With the kind co-operation of the library staff, I spent five hours today, while the library was closed, researching Laurence Housman. Among the handwritten letters tucked into books in the Housman collection I found this set of verses.

They are clearly dashed off quickly - there are a couple of crossings-out - to be sent with a letter to his friends Roger and Sarah Clark in Whitenights, so they are not as clear as they might have been. It does look as if Laurence was tempted, at the age of 87, to move to a milder climate further south. I wonder if anyone knows the ins and outs of this.

A Linked Limerick


There was an old man whom the weather
Had brought to the end of his tether:
	Said he 'I will go
	To where (whether or no)
We can all live in comfort together.

On starting his journey to Heaven,
He was well over eighty and seven;
	And somewhat half-hearted,
	Thought he, as he started,
I'd better go northward of Devon.

For though it's from Somerset, Street,
That I now am directing my feet,
	If I do get to Heaven
	By going through Devon,
There's some there I don't want to meet.

And (as Roger so wisely remarks,
When he strikes his oracular sparks)
	If I pluck up my roots
	It might pull off my boots -
Which I get, at a discount, from Clark's.

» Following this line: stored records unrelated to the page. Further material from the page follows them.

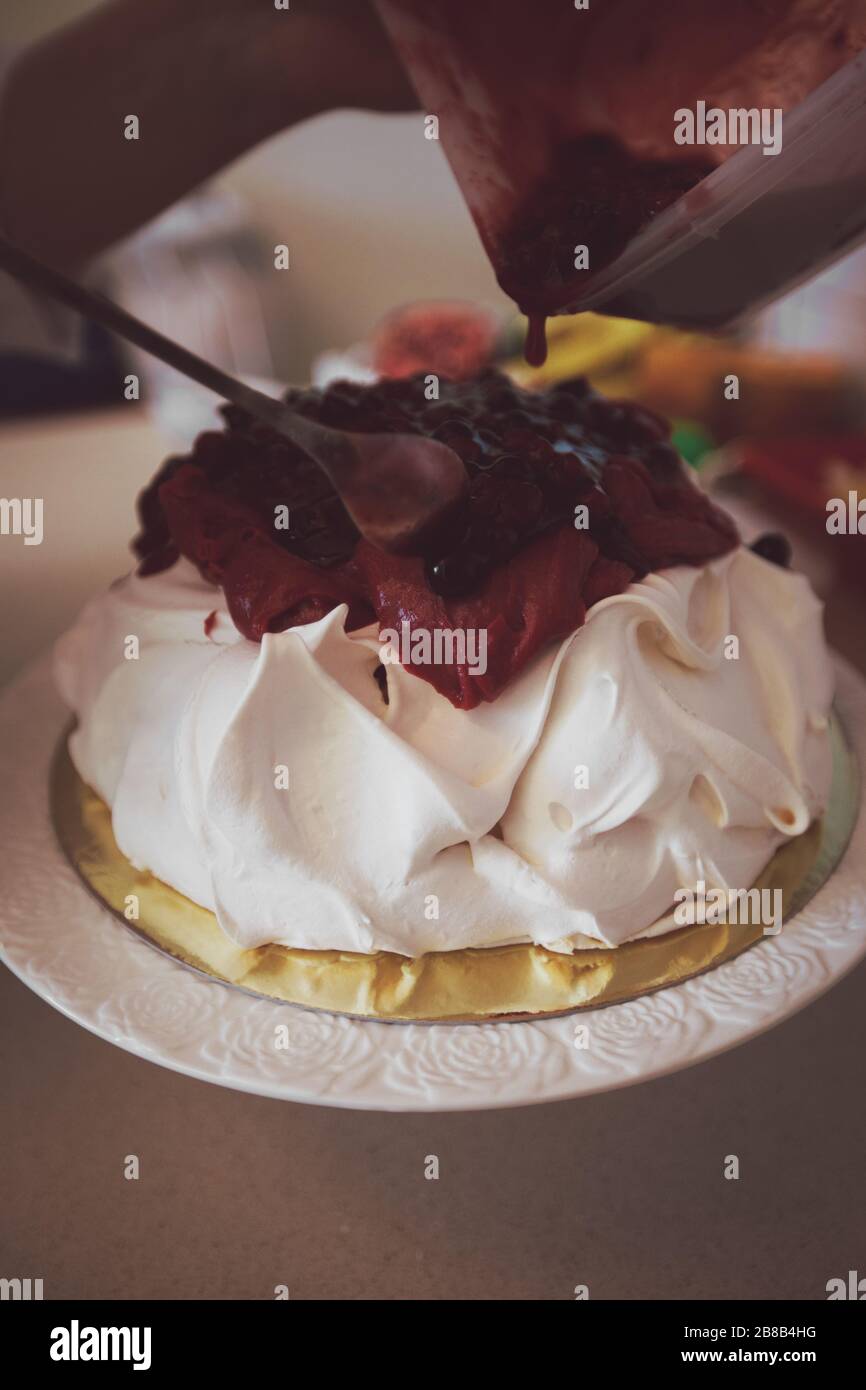 Pavlova-Kuchen mit Obstcreme Stockfoto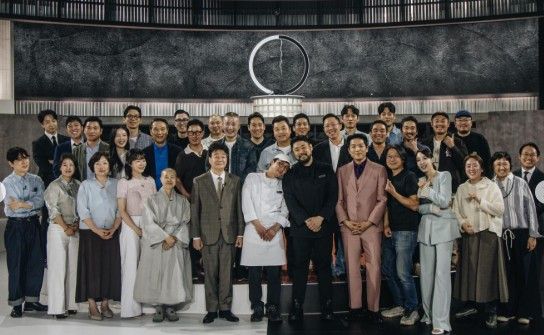 단체사진 속 이하성 셰프. 사진 |  이하성 SNS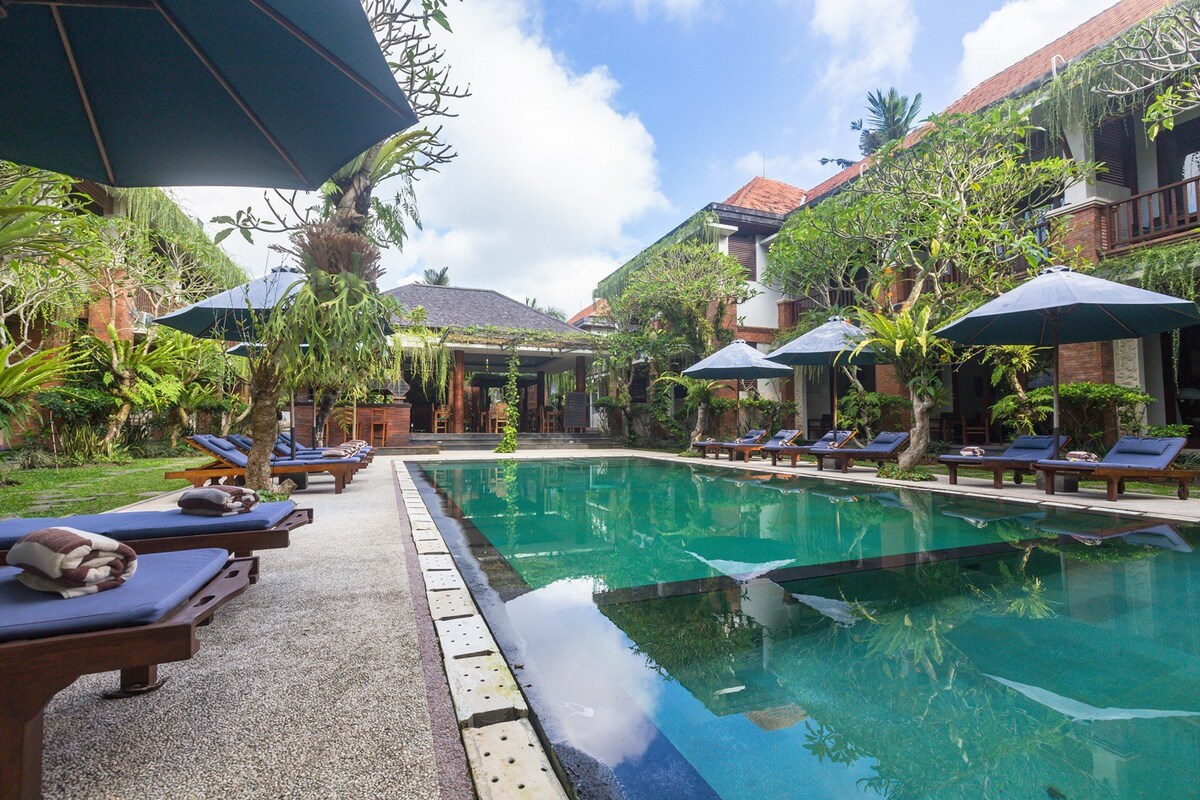 Compact 24BR Gathering spot in Ubud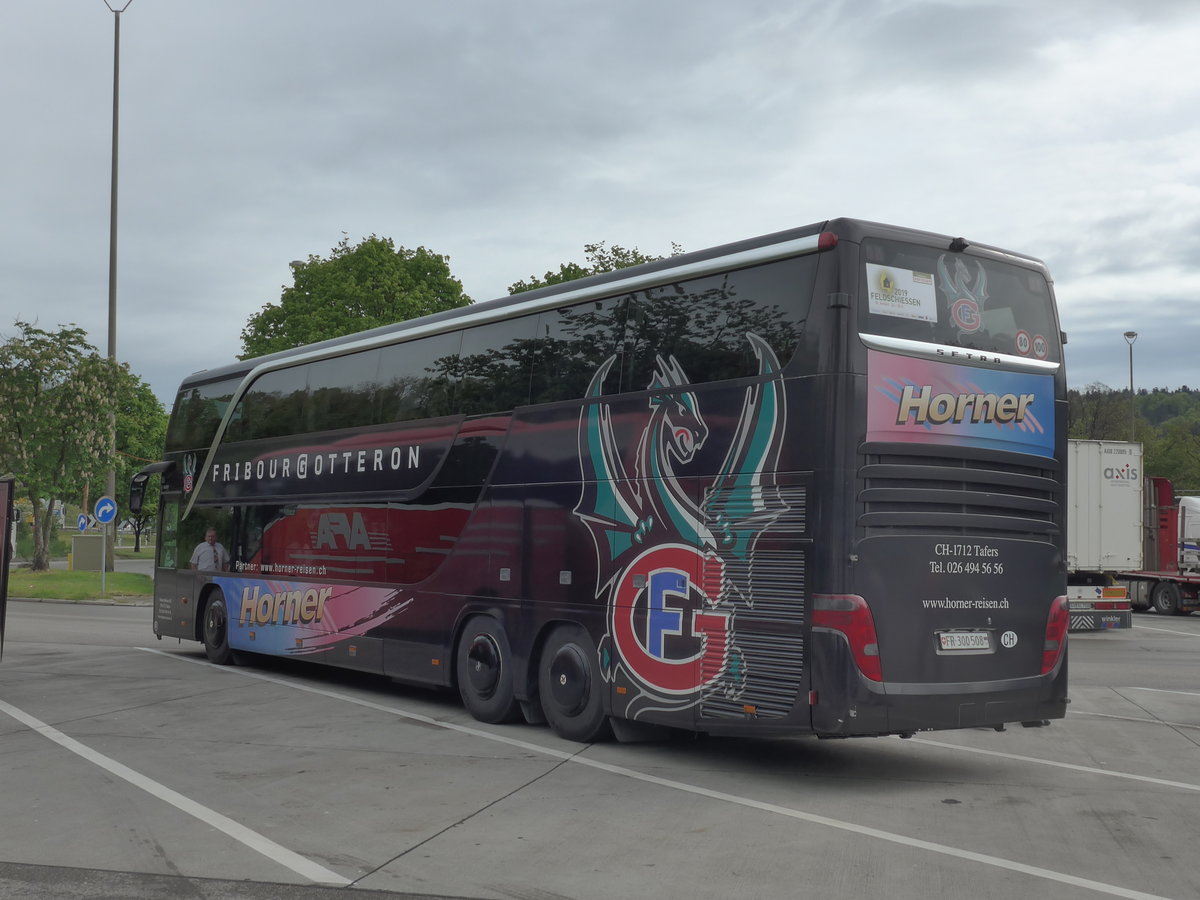 (204'582) - Horner, Tafers - Nr. 8/FR 300'508 - Setra am 9. Mai 2019 in Kemptthal, Raststtte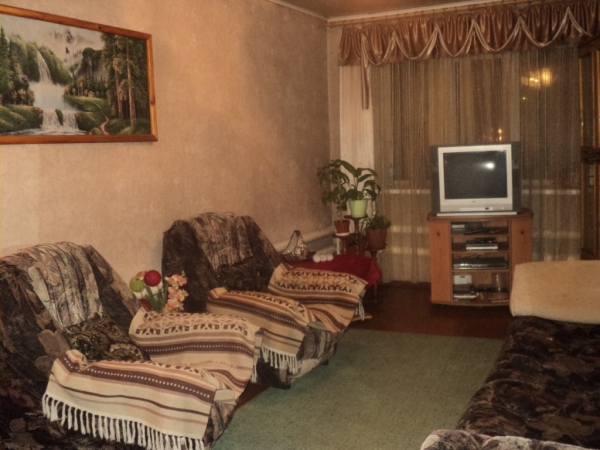Квартира омская обл купить. Мебельный магазин в Таре Омской области.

And out of this world and its mire
To arrive like a bare-footed friar,
	With corns and with blisters,
	Dear brothers and sisters! -
Is not what I greatly desire.

And so, having Clark's to assist me - 
Though Devonshire's breed may resist me -
	I shall hope to meet dozens -
	Aunts, uncles, and cousins -
All saying how much they have missed me.

And now for the last of my wishes: -
Having shared in the loaves and the fishes,
	To live safely and soberly
	In Burleigh Lane, Overleigh,
Well quit of the World and its riches.